At one point in the day, there was a Q&A session, at which one comment was made that was so full of questions that the panel couldn’t pick up on them all; including a point I want to come back on here:
“Emerging church just seems so ‘hip.’ Where is the cross in all this?”

First, on being ‘hip’: there are certain interests shared by many engaged in the emerging church conversation that are considered by some others to be ‘hip,’ and therefore an attempt to be ‘hip.’ For example, I wear howies jeans; drink fairly-traded coffee (and, indeed, tend to eat and drink a lot of fairly-traded and/or organic produce), and enjoy European beer. All of these things can be accused of being ‘hip,’ but in fact I wear howies jeans because I am concerned that the chemicals used in the production of almost all jeans is bad for the planet and bad for the people who produce and wear jeans (including me), and I also don’t want to support companies that manufacture clothes in sweat-shops. And I drink coffee and beer because I am European (we’ve been drinking coffee since the 1600s, and beer much longer than that; so I’m hardly jumping on a band-wagon there); and buy fairly-traded and organic produce out of a desire for justice for people and stewardship for the earth. If this makes me, for some brief moment, ‘hip’ then so be it; but the suggestion that I am doing it to be ‘hip’ is nonsense. And anyway, don’t people who are ‘hip’ – and even people who are self-consciously trying to be ‘hip’ – need opportunities to experience God’s Kingdom at work in their lives, and perhaps help interpreting those experiences? Or have they received their reward in full?

Second, on where is the cross in this?: I’m aware of three crosses.

There is the cross of Christ, and it is right there in the worship of the emerging churches, which tends to centre on participating in the Eucharist; and in the self-understanding of the emerging church as a Eucharistic people, taken hold of by God in Jesus, blessed, broken, and given away.

Then there is the cross that I am called to take up daily as I follow Christ, my cross, my dying to self. I experience this death on a daily basis, and my testimony is that it is excruciatingly painful. But without the cross, there can be no resurrection; in my experience as much as in Jesus.’ Yes, there is an element of walking away from things we don’t like – soft-rock worship and three-point sermons, perhaps. But many of us sense that God has called us to walk away from, and die to, many things we love and value, and have found identity in. Many of us have cried tears of loss and sorrow, before we have cried tears of joy. I’ve shared some of my own journey, in posts such as this one; but I know that many others engaging with emerging church have similar stories. If you want to know where the cross is in the emerging church, step out on the journey.

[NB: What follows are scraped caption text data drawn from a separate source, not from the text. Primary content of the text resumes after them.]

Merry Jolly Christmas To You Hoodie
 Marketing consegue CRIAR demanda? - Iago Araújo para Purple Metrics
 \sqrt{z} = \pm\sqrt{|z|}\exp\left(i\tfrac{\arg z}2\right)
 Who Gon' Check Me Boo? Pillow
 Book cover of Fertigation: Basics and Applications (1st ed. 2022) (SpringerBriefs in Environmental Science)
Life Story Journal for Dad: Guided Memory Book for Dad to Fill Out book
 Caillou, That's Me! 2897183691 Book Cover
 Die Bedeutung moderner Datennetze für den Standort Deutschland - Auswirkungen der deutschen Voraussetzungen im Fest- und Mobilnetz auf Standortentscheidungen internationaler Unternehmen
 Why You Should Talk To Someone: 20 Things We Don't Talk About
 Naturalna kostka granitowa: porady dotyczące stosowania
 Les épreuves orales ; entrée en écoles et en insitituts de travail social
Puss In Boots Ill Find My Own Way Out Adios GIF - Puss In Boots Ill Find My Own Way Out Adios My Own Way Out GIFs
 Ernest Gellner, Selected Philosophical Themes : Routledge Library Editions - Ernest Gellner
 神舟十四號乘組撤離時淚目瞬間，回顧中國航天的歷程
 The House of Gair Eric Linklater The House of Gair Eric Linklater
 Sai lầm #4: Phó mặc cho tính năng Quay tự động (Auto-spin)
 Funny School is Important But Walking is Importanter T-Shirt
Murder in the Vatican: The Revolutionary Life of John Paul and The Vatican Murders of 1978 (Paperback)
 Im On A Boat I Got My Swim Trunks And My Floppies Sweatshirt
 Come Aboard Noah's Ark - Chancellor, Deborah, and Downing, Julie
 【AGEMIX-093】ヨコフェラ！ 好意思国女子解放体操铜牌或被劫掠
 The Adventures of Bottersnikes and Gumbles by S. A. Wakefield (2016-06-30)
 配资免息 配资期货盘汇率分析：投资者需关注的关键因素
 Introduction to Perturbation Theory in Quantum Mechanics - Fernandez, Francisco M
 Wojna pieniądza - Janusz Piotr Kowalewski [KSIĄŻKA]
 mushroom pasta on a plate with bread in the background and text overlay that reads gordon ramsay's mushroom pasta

And finally, there is the invitation to others to take up their cross and follow, to imitate me as I (seek to) imitate Christ. It isn’t ‘hip,’ but there you go.

UPDATE, 20/07/06: Steve Collins has posted an excellent response to the 'hip' element of the question, which gets to the reasons why so many people involved in the 'emerging church' can be seen as 'hip' (with thanks to Jonny Baker for the link).